Imagine a world where electricity can be produced virtually limitlessly without harming the environment.
This is the promise of nuclear fusion technology. By harnessing the same reaction that powers the Sun, it could usher in a new era of energy generation.
Now a British physicist has laid out his audacious vision for feeding this very same nuclear fusion power into the UK grid as soon as 2030.
At the International Energy Agency in Paris, Tokamak Energy’s CEO David Kingham revealed today that the firm’s reactor is set to start operating this spring, and that a commercial prototype will be built within the next 10 years.
Tokamak’s timelines are among the most ambitious of any firm working towards nuclear fusion.
Researchers at Iter, a £13 billion international project based in France, are aiming for 2050, and even they have faced setbacks.
But Kingham has contended that his firm, the only one to pursue the Tokamak model, is in a prime position when it comes to achieving fusion.

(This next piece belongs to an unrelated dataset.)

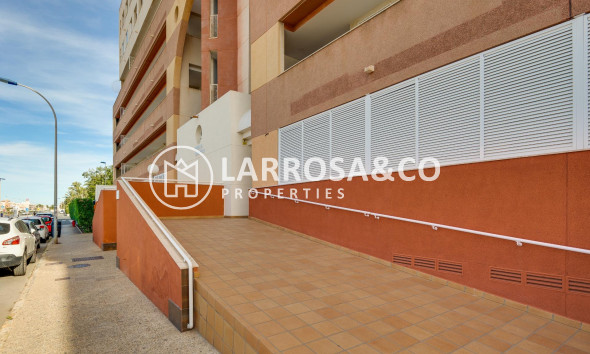 A Vendre - Apartment - Torrevieja - La veleta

Developed at the Culham laboratory, a world-renowned centre for fusion research, the spherical Tokamak model is a fraction the size of other reactors.
Within the doughnut-shaped reactor, powerful magnets hold in place plasma which is heated using microwaves until fusion occurs.

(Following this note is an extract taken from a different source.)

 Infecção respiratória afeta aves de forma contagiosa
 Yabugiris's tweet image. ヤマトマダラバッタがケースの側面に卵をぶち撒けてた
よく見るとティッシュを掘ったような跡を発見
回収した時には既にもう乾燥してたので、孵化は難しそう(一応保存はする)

Kingham told the IEA’s Fusion Power Co-ordinating Committee: “We have developed superconducting magnet technology that will deliver exceptionally strong magnetic fields in a compact tokamak and pave the way for the development of a prototype commercial reactor in less than ten years.”

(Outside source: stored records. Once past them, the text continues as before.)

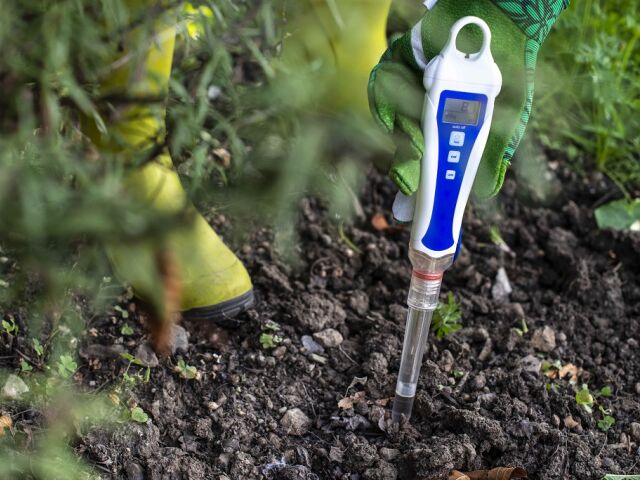 Pomiar pH gleby. Jak zmierzyć odczyn pH w ogrodzie?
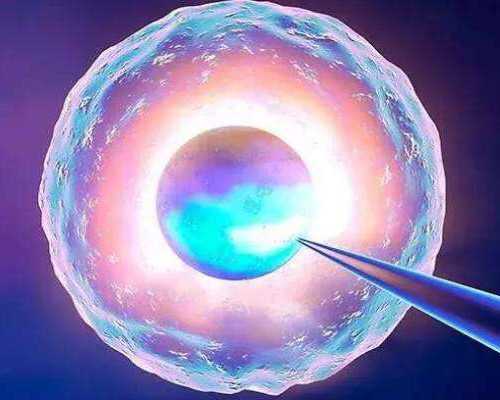 合肥代孕企业,试管婴儿中，什么样的胚胎移植后成功率高？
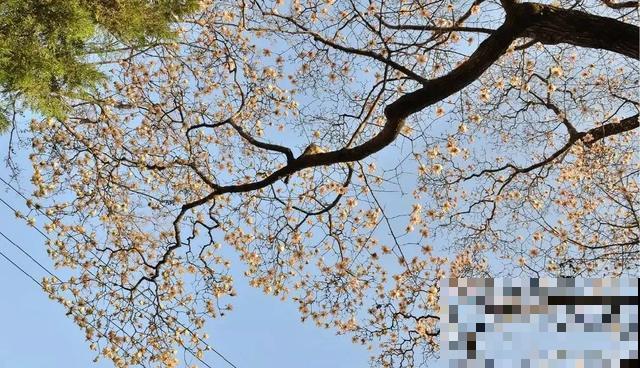 中国8大古树，历经千年不倒，最老一棵4000岁！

Kingham’s claims have previously caused waves in the nuclear fusion sector. In a House of Lords debate in July 2015, Steve Cowley, then head of the UK’s Atomic Energy Authority said Tokamak Energy’s plan “boggles the mind”.
“Claims to investors of being able to get to fusion by 2018 drove us to say, ‘We need to have you at arm’s length,’” said Cowley, who’s also director of the Culham laboratory.
In response, Dr Kingham cautioned that pursuing a single model of innovation, such as the Iter project, is not practical.
“Other things pop up, particularly over long timescales. There is a specific risk with the European fusion road map that the slow progress of the ITER device in France will cause a major delay to the whole road map.”
In December, researchers in South Korea set a new record for fusion reaction, maintaining ‘high performance’ plasma in a stable state for 70 seconds.
But the process currently takes more energy to achieve fusion than is released in the process.
In the future however, researchers hope it will become so efficient that a glass of sea water would release as much energy as a burning barrel of oil.